- Required action
Output only the stretch of the listing that starts at the line containing "You can search" and ends at the line containing "We have to find the infimum", reproduced exactly with both ends.

- Supplied data

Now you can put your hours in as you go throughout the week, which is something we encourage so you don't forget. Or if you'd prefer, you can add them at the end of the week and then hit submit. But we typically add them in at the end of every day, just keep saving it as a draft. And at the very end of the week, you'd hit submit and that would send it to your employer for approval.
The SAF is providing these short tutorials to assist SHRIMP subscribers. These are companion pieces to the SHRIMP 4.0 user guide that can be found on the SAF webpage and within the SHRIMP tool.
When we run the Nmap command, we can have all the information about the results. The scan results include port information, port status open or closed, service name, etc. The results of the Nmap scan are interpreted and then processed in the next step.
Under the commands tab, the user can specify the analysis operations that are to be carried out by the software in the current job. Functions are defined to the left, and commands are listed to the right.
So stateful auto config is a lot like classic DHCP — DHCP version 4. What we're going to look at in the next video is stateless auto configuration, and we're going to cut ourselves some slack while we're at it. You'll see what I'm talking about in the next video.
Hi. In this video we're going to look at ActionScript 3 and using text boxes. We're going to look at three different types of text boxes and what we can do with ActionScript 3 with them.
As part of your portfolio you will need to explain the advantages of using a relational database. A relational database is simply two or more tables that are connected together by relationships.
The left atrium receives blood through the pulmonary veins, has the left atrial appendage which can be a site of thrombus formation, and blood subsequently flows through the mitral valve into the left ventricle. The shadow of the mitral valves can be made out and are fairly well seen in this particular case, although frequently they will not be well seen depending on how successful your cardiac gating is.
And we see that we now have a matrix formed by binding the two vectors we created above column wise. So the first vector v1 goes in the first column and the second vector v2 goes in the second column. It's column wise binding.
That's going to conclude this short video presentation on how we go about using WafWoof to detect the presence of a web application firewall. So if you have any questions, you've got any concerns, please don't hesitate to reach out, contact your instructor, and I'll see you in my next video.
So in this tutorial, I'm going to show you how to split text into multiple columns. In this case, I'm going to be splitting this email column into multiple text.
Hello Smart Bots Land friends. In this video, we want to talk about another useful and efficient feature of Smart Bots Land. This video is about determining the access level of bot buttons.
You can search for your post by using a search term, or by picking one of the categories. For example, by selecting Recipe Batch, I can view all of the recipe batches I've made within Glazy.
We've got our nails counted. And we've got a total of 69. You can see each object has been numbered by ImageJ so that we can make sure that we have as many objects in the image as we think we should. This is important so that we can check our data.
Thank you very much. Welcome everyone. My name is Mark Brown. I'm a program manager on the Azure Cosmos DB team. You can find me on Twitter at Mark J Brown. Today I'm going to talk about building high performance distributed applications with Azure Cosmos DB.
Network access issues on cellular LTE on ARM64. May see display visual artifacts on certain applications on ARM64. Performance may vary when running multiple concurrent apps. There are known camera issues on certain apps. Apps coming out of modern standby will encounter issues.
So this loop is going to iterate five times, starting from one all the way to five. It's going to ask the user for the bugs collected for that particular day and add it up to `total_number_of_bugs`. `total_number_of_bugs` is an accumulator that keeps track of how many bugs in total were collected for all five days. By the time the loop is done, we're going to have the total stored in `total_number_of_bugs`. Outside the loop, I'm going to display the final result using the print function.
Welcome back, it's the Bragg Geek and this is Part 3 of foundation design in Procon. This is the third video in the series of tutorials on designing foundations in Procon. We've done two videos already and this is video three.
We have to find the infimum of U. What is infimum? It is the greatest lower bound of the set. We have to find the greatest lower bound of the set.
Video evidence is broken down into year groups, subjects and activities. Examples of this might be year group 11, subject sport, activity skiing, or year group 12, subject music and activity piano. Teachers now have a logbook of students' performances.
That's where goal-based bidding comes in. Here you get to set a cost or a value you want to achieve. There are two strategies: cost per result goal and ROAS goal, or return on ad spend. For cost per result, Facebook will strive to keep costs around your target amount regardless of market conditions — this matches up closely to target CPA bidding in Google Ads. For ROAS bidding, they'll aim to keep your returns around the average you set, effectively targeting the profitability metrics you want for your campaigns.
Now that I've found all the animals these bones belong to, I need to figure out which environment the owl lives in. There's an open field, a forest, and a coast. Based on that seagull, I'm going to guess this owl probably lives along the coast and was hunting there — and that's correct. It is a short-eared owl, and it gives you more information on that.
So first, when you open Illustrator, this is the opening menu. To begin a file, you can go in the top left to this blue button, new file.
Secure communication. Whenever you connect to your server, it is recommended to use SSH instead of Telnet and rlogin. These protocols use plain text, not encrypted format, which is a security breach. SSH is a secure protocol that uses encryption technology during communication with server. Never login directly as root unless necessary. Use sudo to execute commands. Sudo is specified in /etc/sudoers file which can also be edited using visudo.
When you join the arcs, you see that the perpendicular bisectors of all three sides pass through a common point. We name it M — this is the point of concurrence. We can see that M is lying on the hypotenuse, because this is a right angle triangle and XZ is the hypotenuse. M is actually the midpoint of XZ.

- The answer
You can search for your post by using a search term, or by picking one of the categories. For example, by selecting Recipe Batch, I can view all of the recipe batches I've made within Glazy.
We've got our nails counted. And we've got a total of 69. You can see each object has been numbered by ImageJ so that we can make sure that we have as many objects in the image as we think we should. This is important so that we can check our data.
Thank you very much. Welcome everyone. My name is Mark Brown. I'm a program manager on the Azure Cosmos DB team. You can find me on Twitter at Mark J Brown. Today I'm going to talk about building high performance distributed applications with Azure Cosmos DB.
Network access issues on cellular LTE on ARM64. May see display visual artifacts on certain applications on ARM64. Performance may vary when running multiple concurrent apps. There are known camera issues on certain apps. Apps coming out of modern standby will encounter issues.
So this loop is going to iterate five times, starting from one all the way to five. It's going to ask the user for the bugs collected for that particular day and add it up to `total_number_of_bugs`. `total_number_of_bugs` is an accumulator that keeps track of how many bugs in total were collected for all five days. By the time the loop is done, we're going to have the total stored in `total_number_of_bugs`. Outside the loop, I'm going to display the final result using the print function.
Welcome back, it's the Bragg Geek and this is Part 3 of foundation design in Procon. This is the third video in the series of tutorials on designing foundations in Procon. We've done two videos already and this is video three.
We have to find the infimum of U. What is infimum? It is the greatest lower bound of the set. We have to find the greatest lower bound of the set.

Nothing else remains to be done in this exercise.